At GDC 2012, Jason Scott, of Volition, gave a talk about studio design groups. In the course of his talk, he made brief mention of an achievement system for developers that had been devised for his studio. A prize, cut out of felt, with the title of the achievement on it, was given to any developer who met the criteria. Such prizes were something the rewarded developers could display proudly on their cubicles, something that turned the work into what we are all familiar with: a game. In another talk, Simon Cook, of Microsoft, made mention of a "morale budget," an amount of money allotted to producers to help them motivate and reward their developers.
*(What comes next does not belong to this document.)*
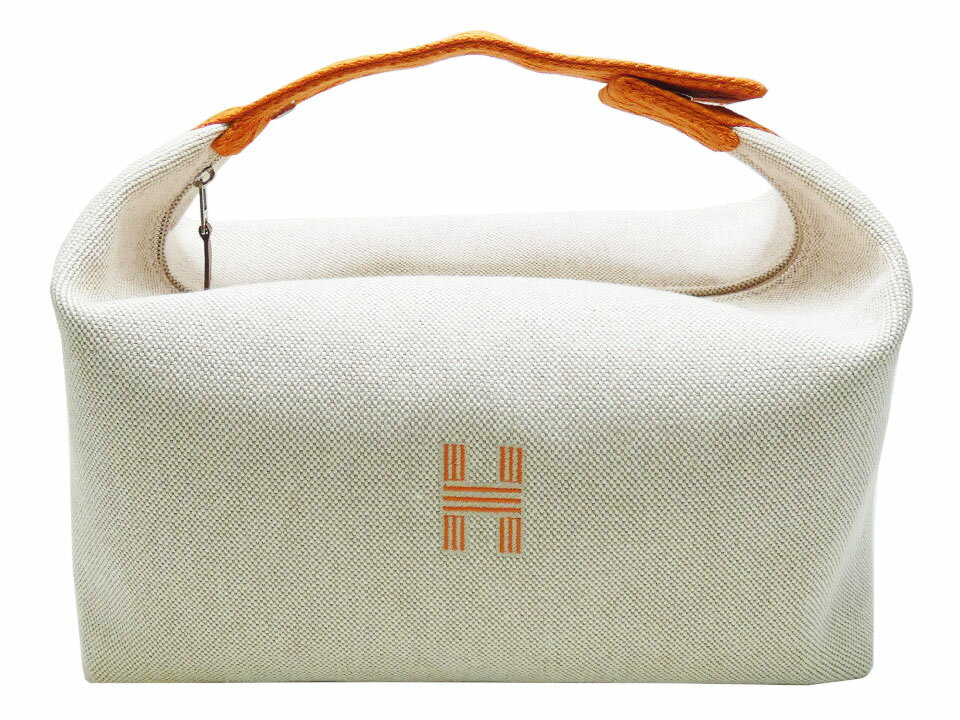 Rakuten - エルメス　HERMES　キャンバス　ハンドポーチ　ブリッドアブラックGM　ジグザグ　オレンジ　【中古】【コンビニ受取対応商品】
A student animation from the University of Central Florida used a simpler rewards system. Each time the students attended a meeting, a gold star sticker was put next to their name on a chart that hung at the front of their workroom. Each time they missed a meeting, they instead got a black dot. Sticker rewards are often thought only effective for small children, but even college age students were troubled by black dots and proud of gold stars.
By combining these ideas, I built a new achievement system for a recent game project called Sira. Developers working on Sira earned achievements, each worth a certain number of points. They were given points for attending each meeting, arriving early, or even bringing along food to share. They also got points for responding to emails within a certain time frame and for completing their sprint tasks. The system had over 20 achievements each with a point reward and a silly name.
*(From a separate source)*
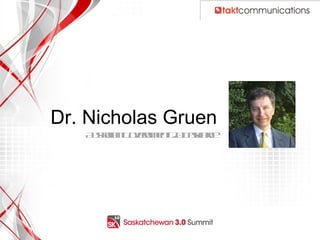 Dr. Nicholas Gruen
   A sa n oe mn 2 Tsoc
    ut l G vr et .0 a f e
      ria   n        kr




                            1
Points were totaled each week, and the developer with the highest number of points at the end of the week got special mention during weekly updates, like a leaderboard. When the team's total points added up to a given amount, we would have an ice cream party; then later, when even more points accumulated, a pool party. Most exciting of all, we set up an auction to take place at our last party when each developer could bid his or her points to win various prizes bought from Think Geek. These prizes varied from game-themed breath mints to a Darth Vader lightsaber umbrella. The developer with the highest number of points also won a mystery prize (which turned out to be a fairly inexpensive replica sword from Amazon).
Benefits of Gamification
Remarkable changes can occur after implementing game systems to enliven game studios. Teams show up to meetings. They arrive on time, or early. Developers actually check their email and - better yet - respond! They stay on top of communicating with their leads, and in general, they work beyond just doing their assignments and checking out.
Beyond improving work ethics, game systems such as points and achievements have a more subtle benefit. Here is one more thing to be excited about, despite the inevitable frustrations with varying aspects of the project's progress. Games foster light-hearted competition. And even more simply, they serve as an ongoing topic of conversation at meetings and parties, helping team members who haven't met while working in separate disciplines get to know each other and actually feel like a team.
The Final Verdict
In each of the previously mentioned cases, a common phenomenon occurred: the game system worked. The teams enjoyed it. It was fun.
Not only is gamification fun for the team, it is fun for team leads and others participating in the system. Gamification of the working environments of the games industry can be a simple yet lasting way to motivate a team and also to say: "Thanks for all your hard work, guys," while letting developers feel as though they've gotten due recognition for their given quest line.